Man in a yellow shirt looking stressed while using a laptop in a bright, modern room.

Recruitment for our intelligence services is famously selective, but a recently revealed - and some might say arbitrary - exclusion could rule out up to 1 in 5 UK adults from fulfilling the role of spy before they've even hit submit on their application. Tattoos (something 1 in 5 adults have), or at least tattoos visible in regular clothing (so those on the hands, face and neck), are an immediate bar for the role of mobile surveillance officer, according to a new job specification released by MI5 earlier this year (2015). In fact, the top skill listed in the advert was the ability to blend in, positioned above observation, driving, map reading and a number of other disappointingly mundane specifications, suggesting the spy department really is keen on their officers keeping a low profile.

The reason for the restriction on tattoos, the specification states, is that they would make a mobile surveillance officer easy to identify. For the same reason, men over 6 foot 1 and women over 5 foot 8 are also counted as ineligible for the role. This isn't the first time an MI5 job application has garnered a little more press than intended. In 2009, the department ruffled a few feathers when it placed an advert in the Times Educational Supplement in order to lure teachers away from their noble profession.

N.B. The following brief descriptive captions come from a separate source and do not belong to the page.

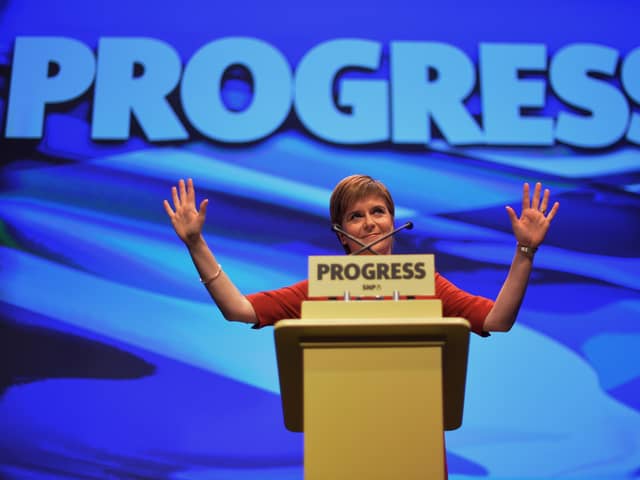 Nicola Sturgeon failed to deliver independence (Picture: Mark Runnacles)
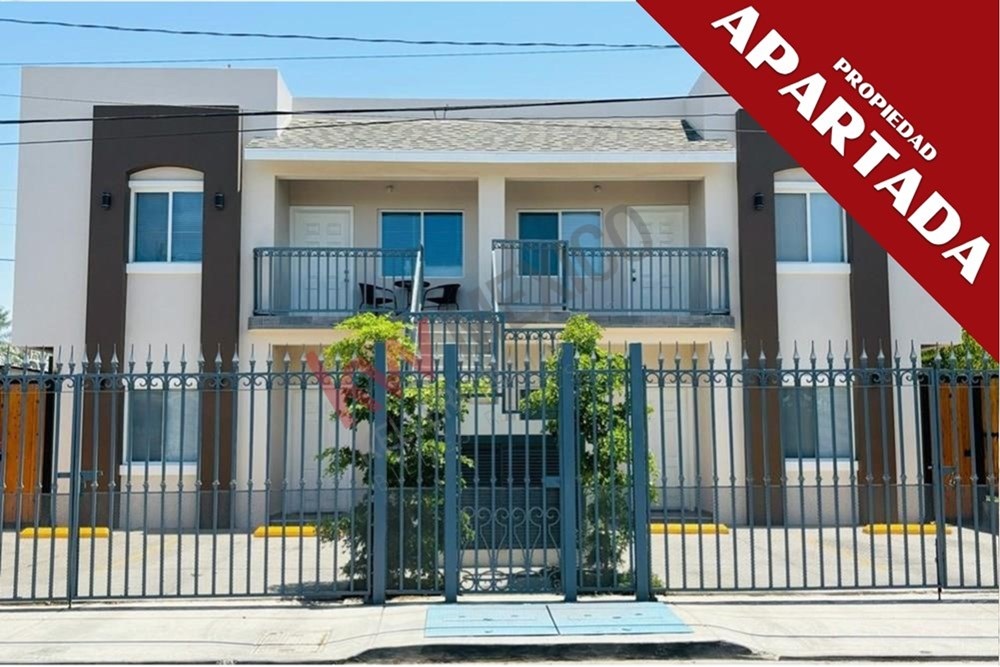 SE RENTA DEPARTAMENTO AMUEBLADO PLANTA ALTA , COL. CARBAJAL MEXICALI, ZONA INDUSTRIAL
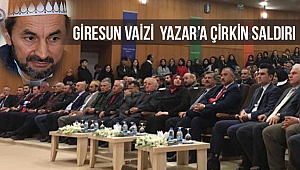 İl vaizine yapılan saldırı vicdanları yaraladı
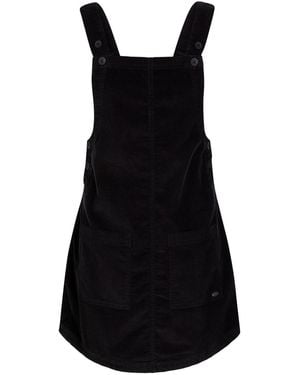 Trespass Casual Dress Twirl Cotton - Black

The advert read; "You may not realise it," the advert counsels, "but life has given you the skills you need to be an MI5 operational intelligence officer. "Your experience of dealing with people means you can build trust and relationships with all sorts of individuals, which makes you the ideal candidate for developing a career securing the information we need to protect national security."

Over the pond, our friends in the CIA also take a rather open approach to their recruitment process. Since the dawn of social media, the Central Intelligence Agency has found it impossible to prevent failed applicants from revealing details from the recruitment process online, so they've elected to make the process as public as safety permits. One surprising revelation to come out of this is how they handle counter-espionage suspicions in applicants. The CIA's head of recruitment, Ron Partick, told Forbes Magazine;

This will quite blow people's myths about the CIA, but one of the ways we ask: Are you connected with a foreign government? Do you have relatives working for a foreign government, or do you have any connections or allegiances that may be a conflict if you were working for the CIA?

So there you have it, no tattoos in the UK, and if you want to spy on America for another country, don't answer yes when the CIA asks you about it. 5 weird facts about our intelligence agencies:

    Despite the obvious dangers of spy work, MI5 claims to work within the law and health and safety law. They were recruiting for a new head of health and safety in 2013, at a salary of £60,000 per year. The only catch was that they wouldn't tell applicants anything else about the role.
  • Much of MI5 operatives' equipment is classified and, no doubt, high-tech. This is why it surprised many when, in 2006, Russia accused British spies of concealing a covert listening device inside a fake rock and placing it on a Moscow street. Even more surprising was that this allegation turned out to be true.
  • MI5 has a secret Northern Operations Centre, but it doesn't say where it is. However, speculation about an MI5 facility just over the road from the BBC's new home at Media City, Salford, is quite intense.
  • The paradoxical approach to intelligence referred to as known unknowns is true and is being increased. The MI5 director general Jonathan Evans said in 2009 that one of his priorities is "to try and know more about the people we already know about, rather than to find the people we don't know anything about. It would be nice to know about the unknown unknowns, but it is probably a less rich seam than knowing more about the people we know are a threat to us.
  • One of the biggest recent threats to intelligence data held by British services wasn't hacking or deliberate leakage but the dodgy British weather. The floods of 2007 near Cheltenham caused a water shortage at GCHQ, meaning vital computer cooling equipment couldn't function correctly, causing a bit of a panic, although no data was lost.